*** AVAILABLE DATA ***

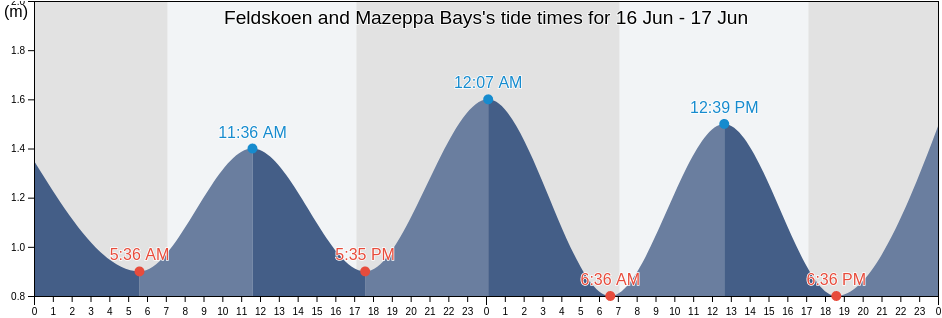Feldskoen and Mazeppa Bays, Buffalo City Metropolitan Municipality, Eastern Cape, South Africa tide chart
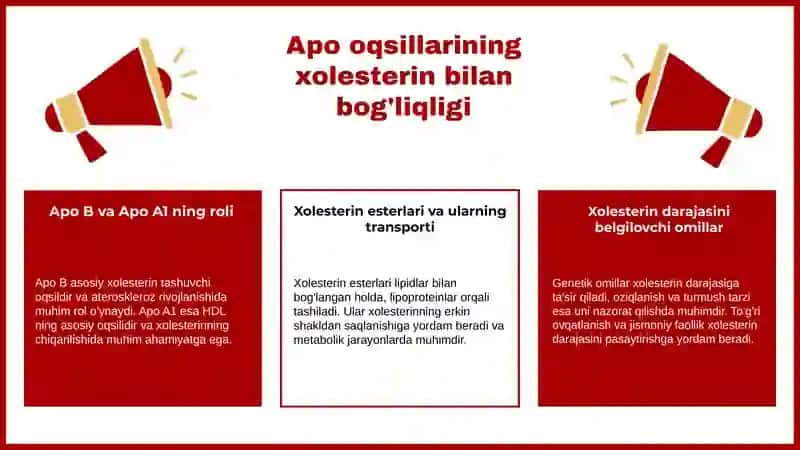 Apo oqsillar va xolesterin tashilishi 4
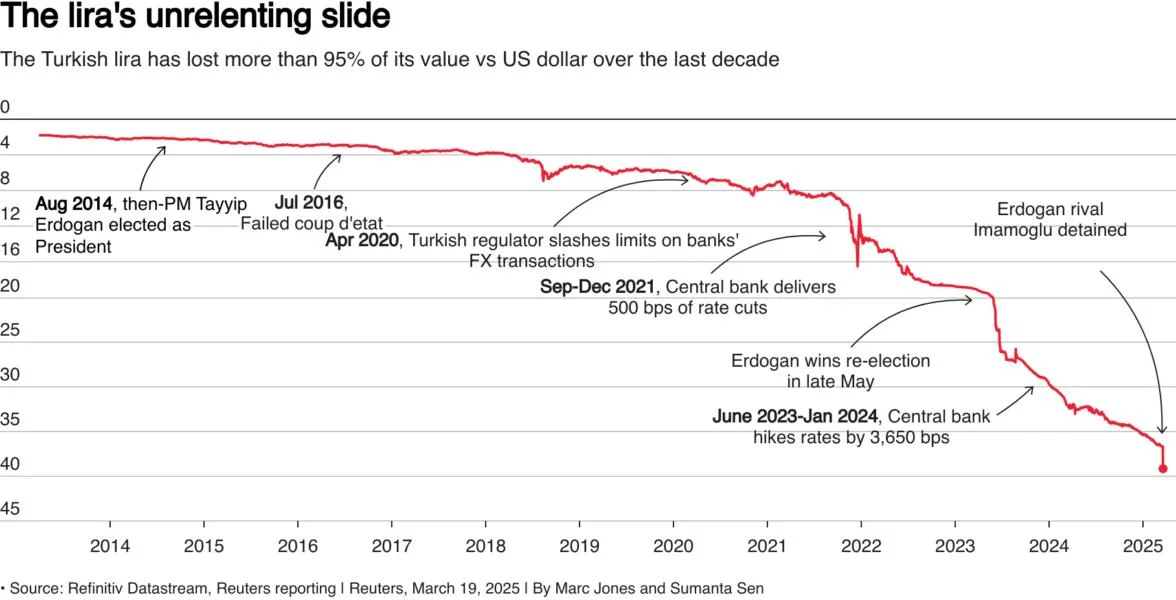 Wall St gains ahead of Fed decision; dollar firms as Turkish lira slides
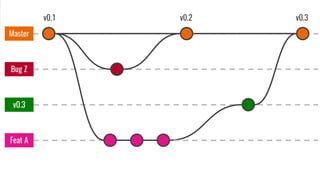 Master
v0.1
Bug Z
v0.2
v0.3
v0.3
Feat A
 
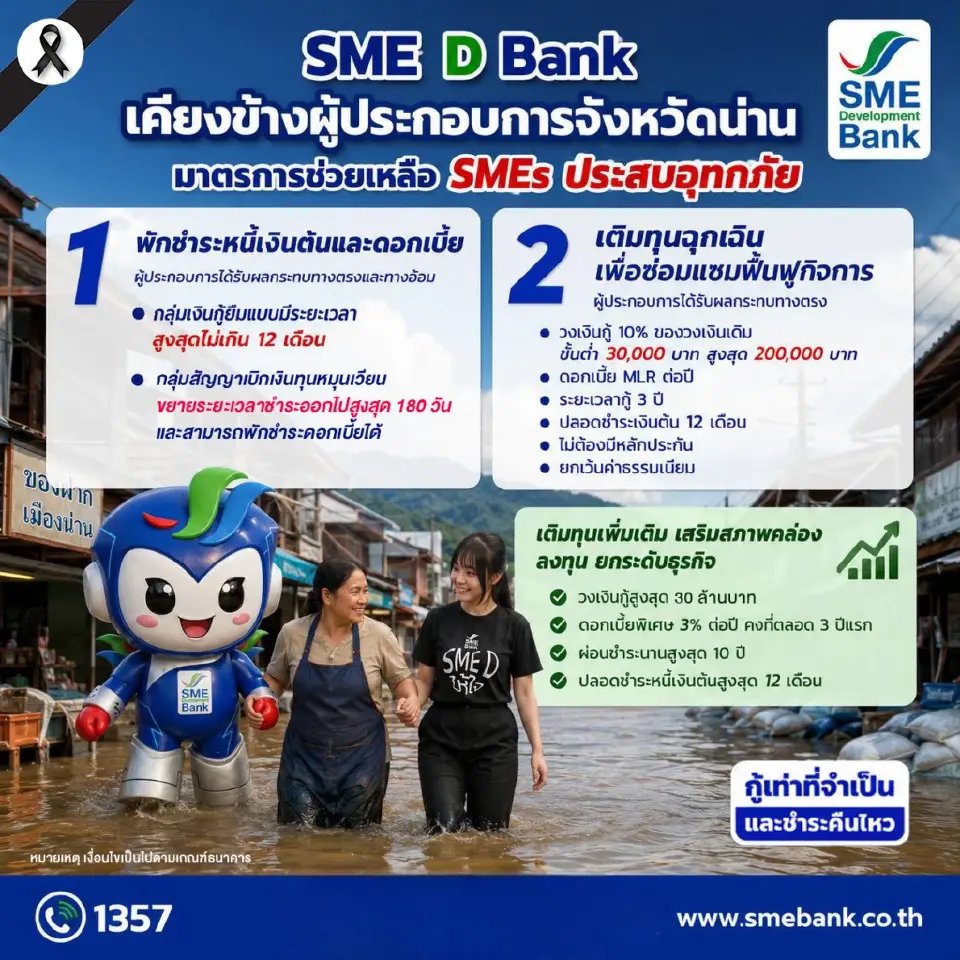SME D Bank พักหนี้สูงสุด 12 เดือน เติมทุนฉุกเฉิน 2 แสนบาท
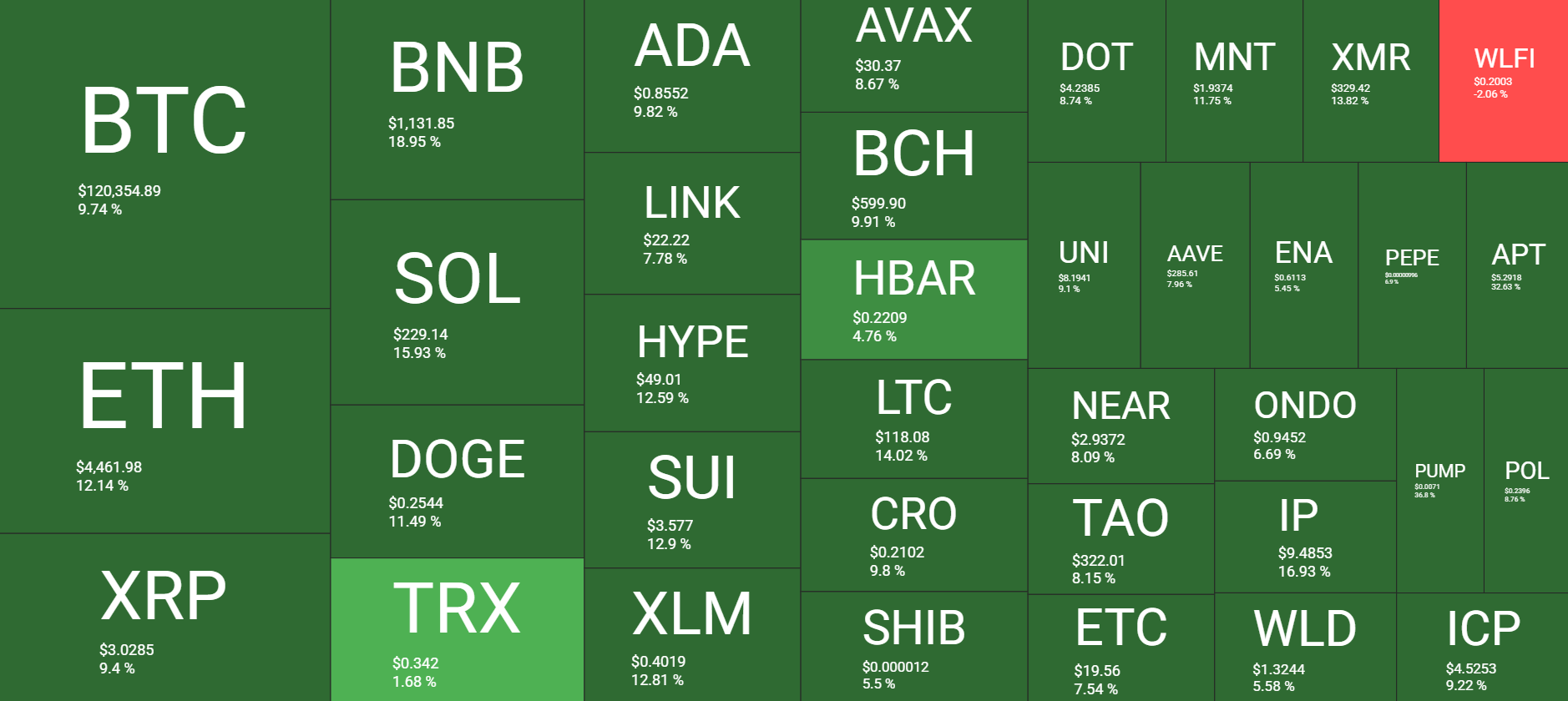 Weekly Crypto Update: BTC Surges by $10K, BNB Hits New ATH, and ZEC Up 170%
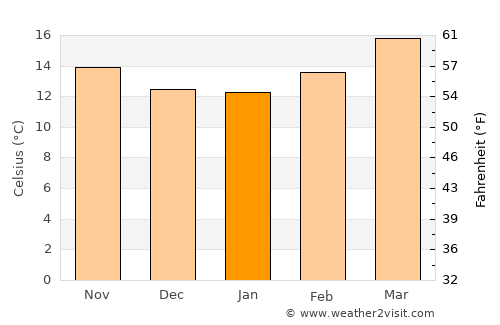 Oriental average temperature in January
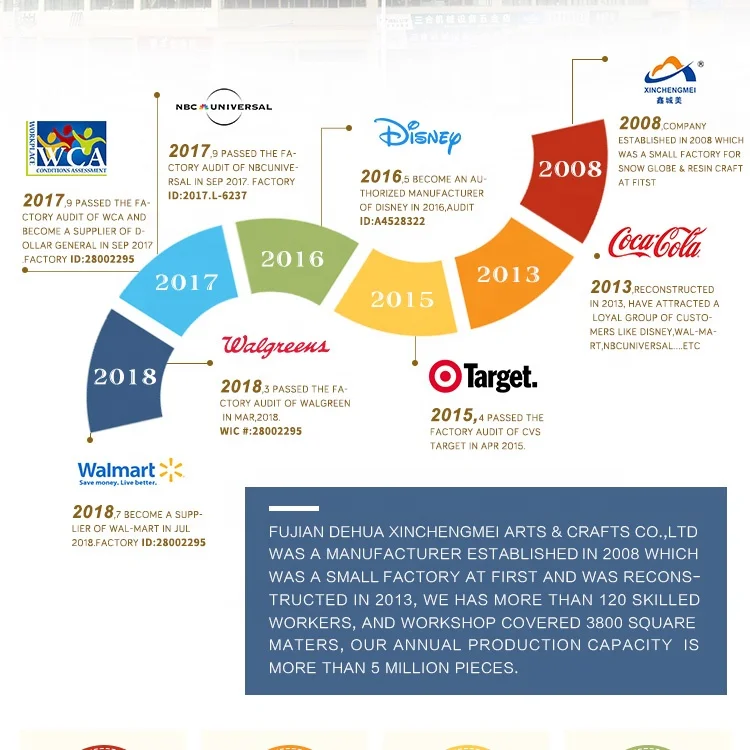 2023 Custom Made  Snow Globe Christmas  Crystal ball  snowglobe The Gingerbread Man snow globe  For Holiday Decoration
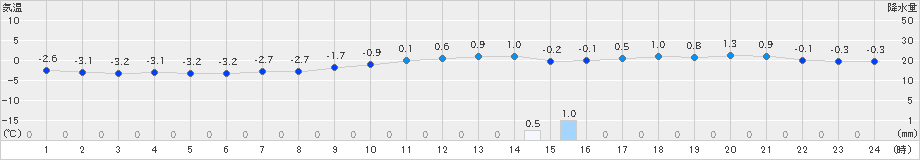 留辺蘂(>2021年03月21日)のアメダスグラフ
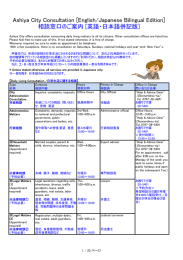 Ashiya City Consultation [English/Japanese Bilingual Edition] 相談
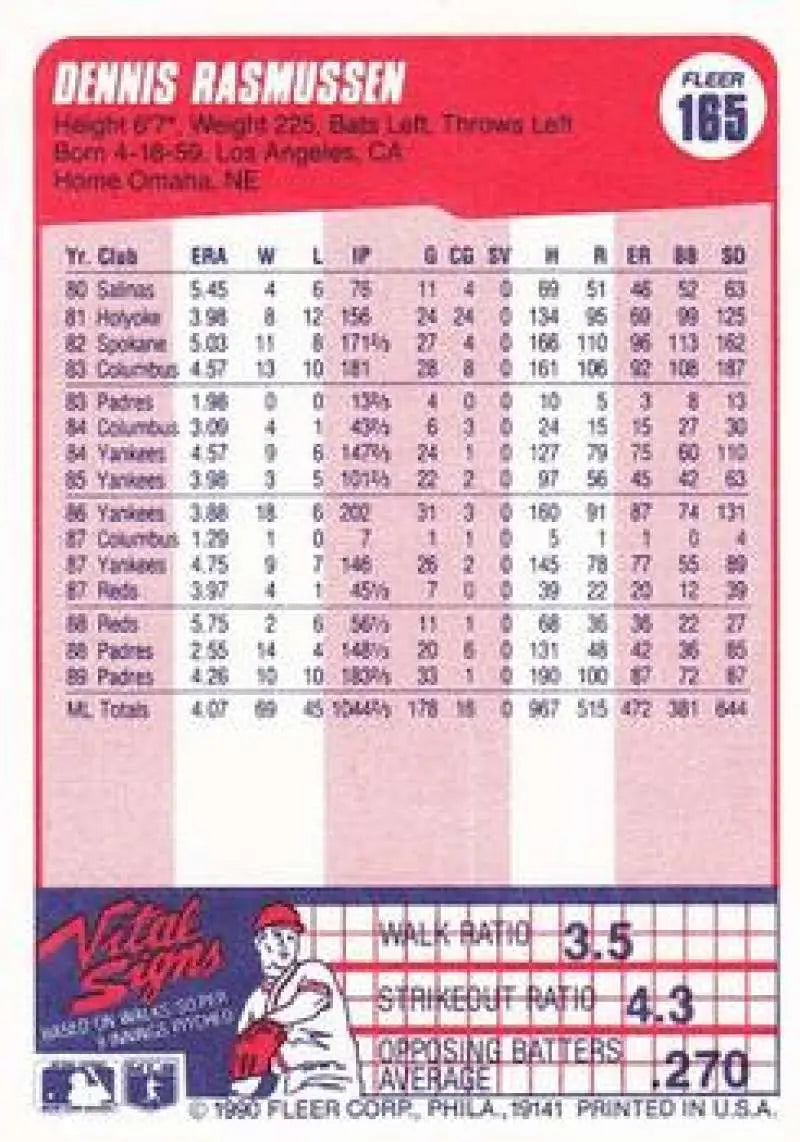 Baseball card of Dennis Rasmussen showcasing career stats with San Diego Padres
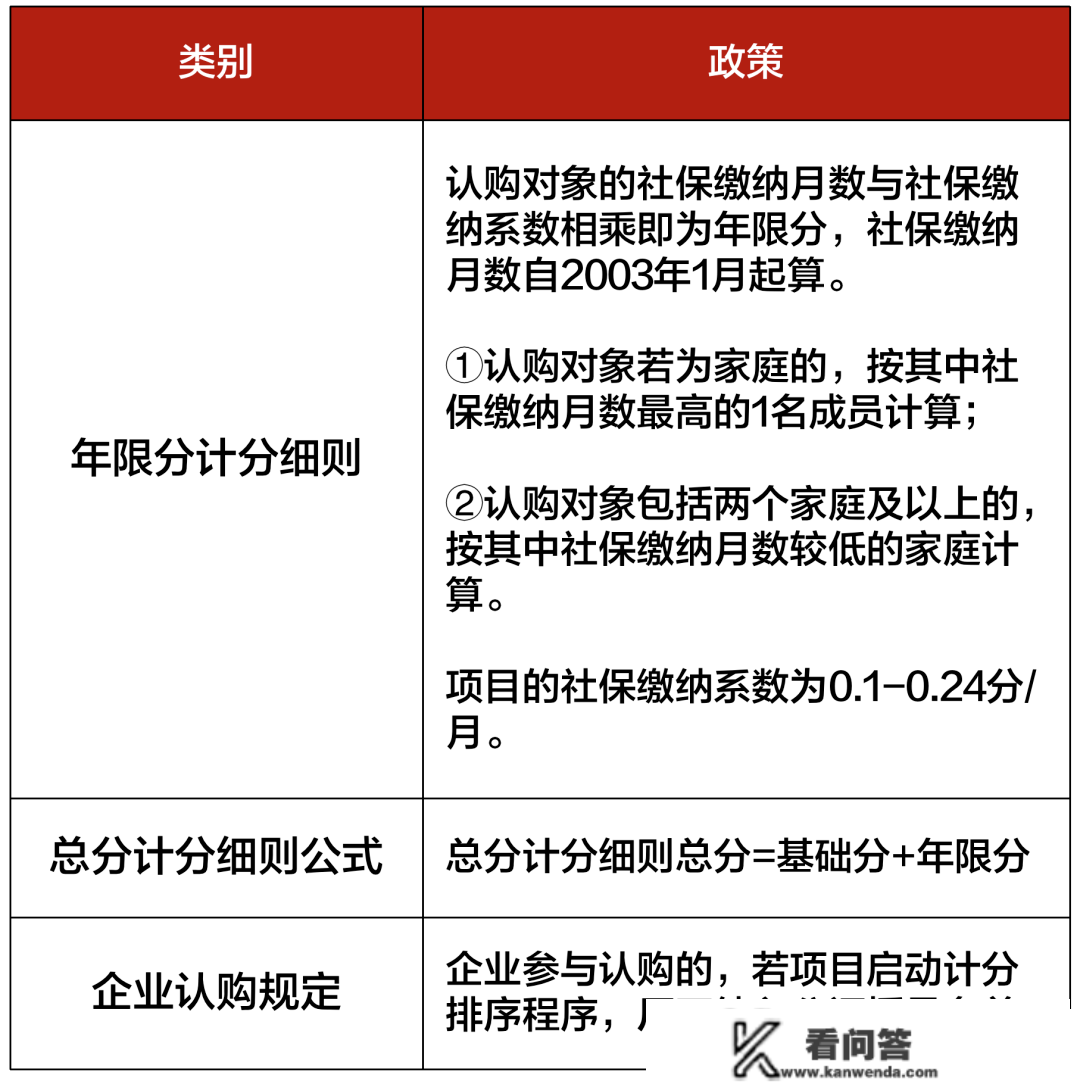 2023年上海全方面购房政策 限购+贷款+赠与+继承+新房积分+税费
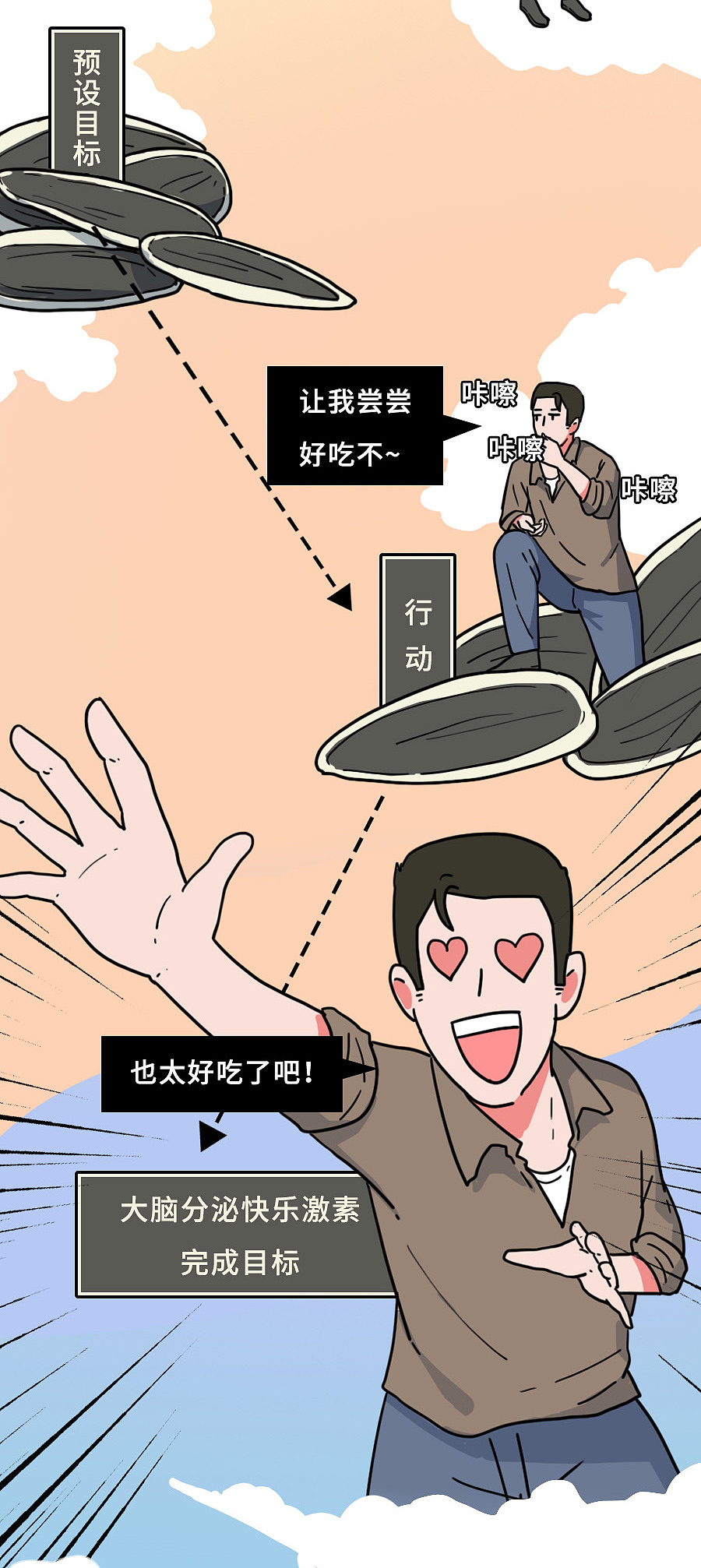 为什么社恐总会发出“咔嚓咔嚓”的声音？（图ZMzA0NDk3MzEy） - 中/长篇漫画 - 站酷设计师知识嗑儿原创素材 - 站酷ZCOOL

*** End of AVAILABLE DATA ***

Please repeat the records above exactly, leaving every picture out.

Feldskoen and Mazeppa Bays, Buffalo City Metropolitan Municipality, Eastern Cape, South Africa tide chart
 Apo oqsillar va xolesterin tashilishi 4
 Wall St gains ahead of Fed decision; dollar firms as Turkish lira slides
 Master
v0.1
Bug Z
v0.2
v0.3
v0.3
Feat A
 
SME D Bank พักหนี้สูงสุด 12 เดือน เติมทุนฉุกเฉิน 2 แสนบาท
 Weekly Crypto Update: BTC Surges by $10K, BNB Hits New ATH, and ZEC Up 170%
 Oriental average temperature in January
 2023 Custom Made  Snow Globe Christmas  Crystal ball  snowglobe The Gingerbread Man snow globe  For Holiday Decoration
 留辺蘂(>2021年03月21日)のアメダスグラフ
 Ashiya City Consultation [English/Japanese Bilingual Edition] 相談
 Baseball card of Dennis Rasmussen showcasing career stats with San Diego Padres
 2023年上海全方面购房政策 限购+贷款+赠与+继承+新房积分+税费
 为什么社恐总会发出“咔嚓咔嚓”的声音？（图ZMzA0NDk3MzEy） - 中/长篇漫画 - 站酷设计师知识嗑儿原创素材 - 站酷ZCOOL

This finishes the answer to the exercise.